Originally Posted By: uc50ic4more
Originally Posted By: Mystic
Nobody even knows today if they did have a backdoor for a while in OpenBSD.
Good heavens, no. Theo De Raadt, the main OpenBSD developer, is a staunch proponent of privacy and security. OpenBSD is by a long shot the most audited and meticulously (read: pathologically) developed OS's on the planet. Theo is also, by all accounts, nowhere near very friendly and I cannot imagine some soulless police-state suit from the NSA having his attention for too long without being unceremoniously shown the door. OpenBSD is also Canadian so they are not under the authority of the U.S. government.
The BSD family of OS's are also developed in a much more tightly integrated manner than Linux. Linux-based OS's are cobbled-together projects with a kernel (Linux), userland tools (usually from GNU) and user applications from a variety of developers. How they are cobbled together by the enormously large number of distributions and organizations producing them is anarchic and highly chaotic; some are secure and stable, others are bleeding-edge and crashy. The BSD's, in contrast, are an entire OS (kernel + userland utilities) with the applications running atop it. There is a lot more auditing, a lot more consistency and standardization of the code base and fewer developers.

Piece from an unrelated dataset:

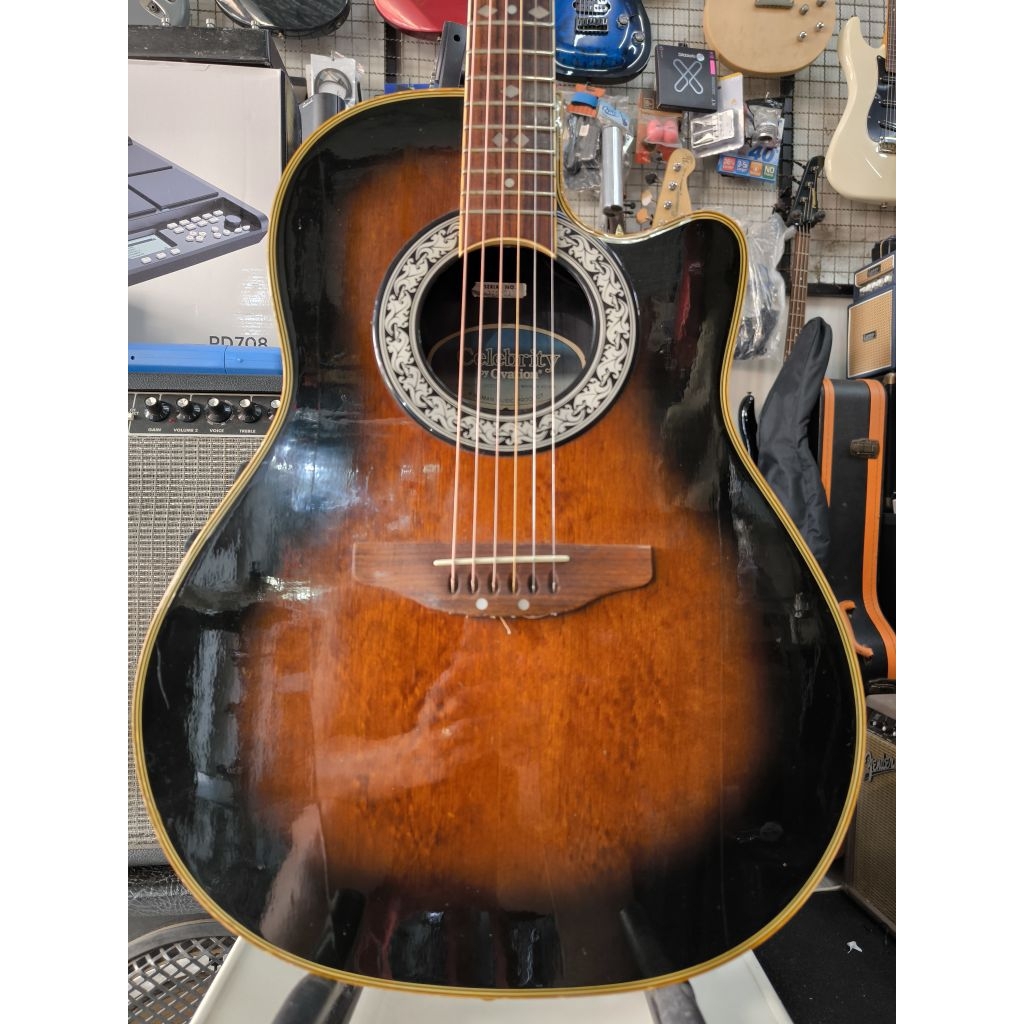 กีตาร์หลังเต่าไฟฟ้า Ovation made in korea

There was a claim in 2010 of the FBI trying to backdoor OpenBSD.
http://www.cnet.com/news/report-of-fbi-back-door-roils-openbsd-community/
I'm surprised the recent events somehow are a 'revelation' to what is being attempted.
An ATT employee reported in 2006 that he spliced an optic cable into a gov't installation.

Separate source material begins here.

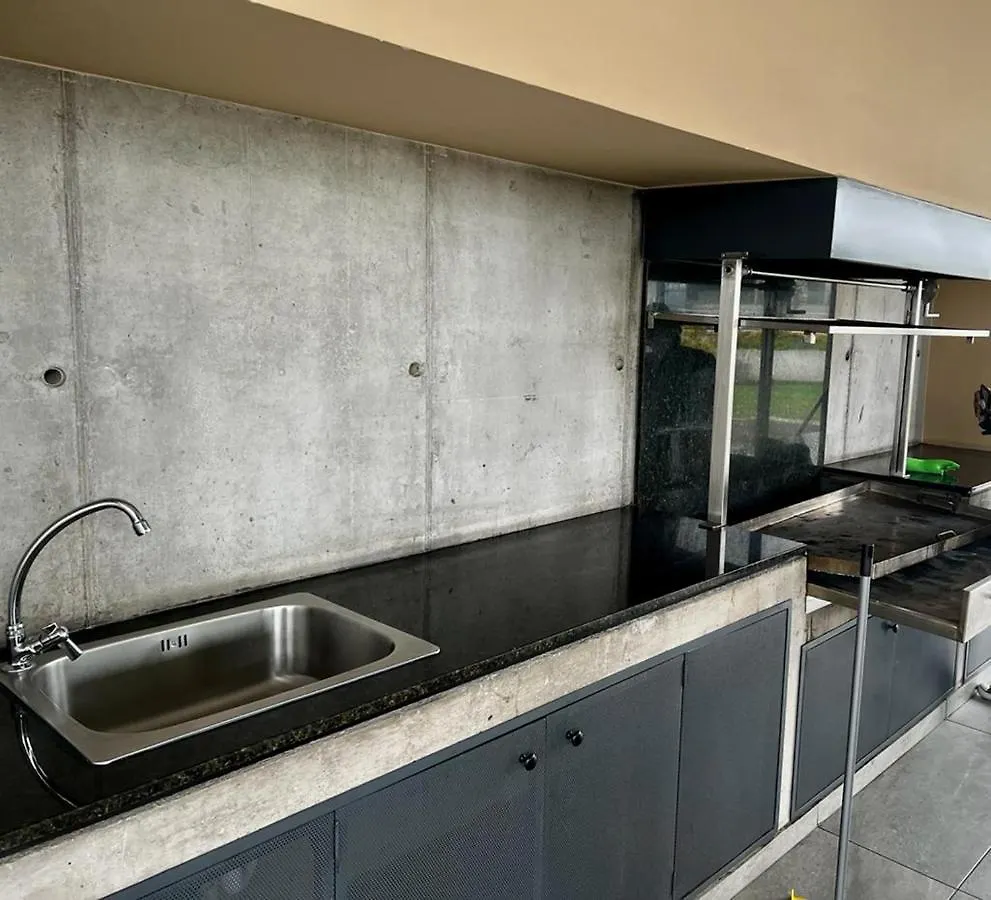 Luxury Apartment With Balcony And View Quito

http://en.wikipedia.org/wiki/Room_641A
US phone companies provide data to US gov't without a warrant the response is to retroactively protect the phone company's from lawsuits.
http://en.wikipedia.org/wiki/Hepting_v._AT%26T
It is unclear why mass amnesia takes place every few years.
Snowden did not have to reveal anything, we needed a conscious populace to add 1 and 1 and get two.